Il faut vous apprendre, en passant, que ma mère disait des Iles pour tout ce qui n’est pas l’Europe, et cela désespérait mon père, auteur de divers travaux d’ethnographie comparée.

- Marcelle, poursuivait ma mère, Marcelle était folle de son mari. Dans les premiers temps, on avait toujours l’air de les gêner en allant les voir. Elle fut heureuse pendant trois ou quatre ans ; je dis heureuse parce qu’il faut tenir compte des goûts. Mais, pendant le voyage qu’elle fit en France… tu ne te rappelles pas, tu étais trop petit.

- Oh ! maman, je me rappelle parfaitement.

- Hé bien ! pendant ce voyage, son moricaud prit là-bas, dans les Iles, d’horribles habitudes : il s’enivrait dans des cabarets de matelots avec des créatures. Il reçut un coup de couteau. Au premier avis qu’elle en eut, Marcelle s’embarqua. Elle soigna son mari avec cette fureur magnifique qu’elle mettait à tout. Mais il eut un vomissement de sang et mourut.

- Marcelle n’est-elle pas revenue en France ? Maman, pourquoi n’ai-je pas revu ma marraine ?

A cette question, ma mère répondit avec embarras :

- Étant veuve, elle connut à Rio-Janeiro des officiers de marine qui lui firent grand tort. Il ne faut pas penser du mal de Marcelle, mon enfant. C’est une femme à part, qui n’agissait pas comme les autres. Mais il devenait difficile de la recevoir.

- Maman, je ne pense pas du mal de Marcelle ; dites-moi seulement ce qu’elle est devenue ?

- Mon fils, un lieutenant de vaisseau l’aima, ce qui était bien naturel, et la compromit parce qu’une si belle conquête flattait son amour-propre. je ne te le nommerai pas ; il est aujourd’hui contre-amiral, et tu as dîné plusieurs fois avec lui.

- Quoi ! c’est V…, ce gros homme rougeaud. Hé bien, il raconte de jolies histoires de femmes, après dîner, dans le fumoir, cet amiral-là, maman !

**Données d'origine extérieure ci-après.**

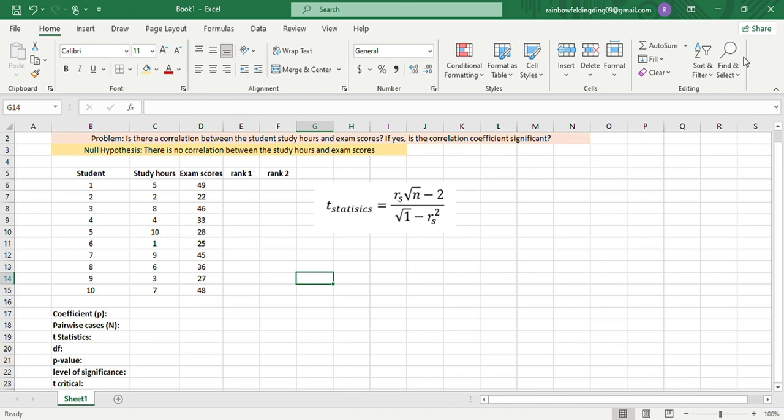Now, to perform Spearman-Rho in MS Excel. This Spearman-Rho correlation is the non-parametric counterpart of Pearson R.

- Marcelle l’aima à la folie. Elle le suivait partout. Tu conçois, mon enfant, que je ne sais pas très bien cette histoire-là. Mais elle finit d’une façon terrible. Ils étaient tous deux en Amérique ; je ne puis te dire exactement en quel endroit, parce que je n’ai jamais pu retenir les noms de la géographie. S’étant lassé d’elle, il la quitta, sous quelque prétexte, et revint en France. Tandis qu’elle l’attendait dans les Iles, elle apprit, par un petit journal de Paris, qu’il se montrait au théâtre avec une actrice. Elle n’y put tenir, et, bien que souffrant de la fièvre, elle s’embarqua. Ce fut son dernier voyage. Elle mourut à bord, mon enfant, et ta pauvre marraine, cousue dans un drap, fut jetée à la mer.

Je n’en sais pas davantage. Mais chaque fois que le ciel est d’un gris tendre et que le vent a des plaintes douces, ma pensée s’envole vers Marcelle et je lui dis :

- Pauvre âme en peine, pauvre âme errant sur l’antique océan qui berça les premières amours de la terre, cher fantôme, ô ma marraine et ma fée, sois bénie par le plus fidèle de tes amoureux, par le seul, peut-être, qui se souvienne encore de toi. Sois bénie pour le don que tu mis sur mon berceau en t’y penchant seulement ; sois bénie pour m’avoir révélé, quand je naissais à peine à la pensée, les tourments délicieux que la beauté donne aux âmes avides de la comprendre ; sois bénie par celui qui fut l’enfant que tu soulevas de terre pour chercher la couleur de ses yeux. Il fut, cet enfant, le plus heureux, et, j’ose dire, le meilleur de tes amants. C’est à lui que tu donnas le plus, ô généreuse femme ! car tu lui ouvris, avec tes deux bras, le monde infini des rêves.